• EXERCISE GOAL: Every entry in the following data should be output exactly.

• RECORDED INFORMATION:
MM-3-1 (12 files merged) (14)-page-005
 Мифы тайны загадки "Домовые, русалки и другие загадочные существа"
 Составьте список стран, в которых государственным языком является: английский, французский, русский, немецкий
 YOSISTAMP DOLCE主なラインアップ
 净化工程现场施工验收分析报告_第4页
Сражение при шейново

• RESPONSE TO THIS EXERCISE:
MM-3-1 (12 files merged) (14)-page-005
 Мифы тайны загадки "Домовые, русалки и другие загадочные существа"
 Составьте список стран, в которых государственным языком является: английский, французский, русский, немецкий
 YOSISTAMP DOLCE主なラインアップ
 净化工程现场施工验收分析报告_第4页
Сражение при шейново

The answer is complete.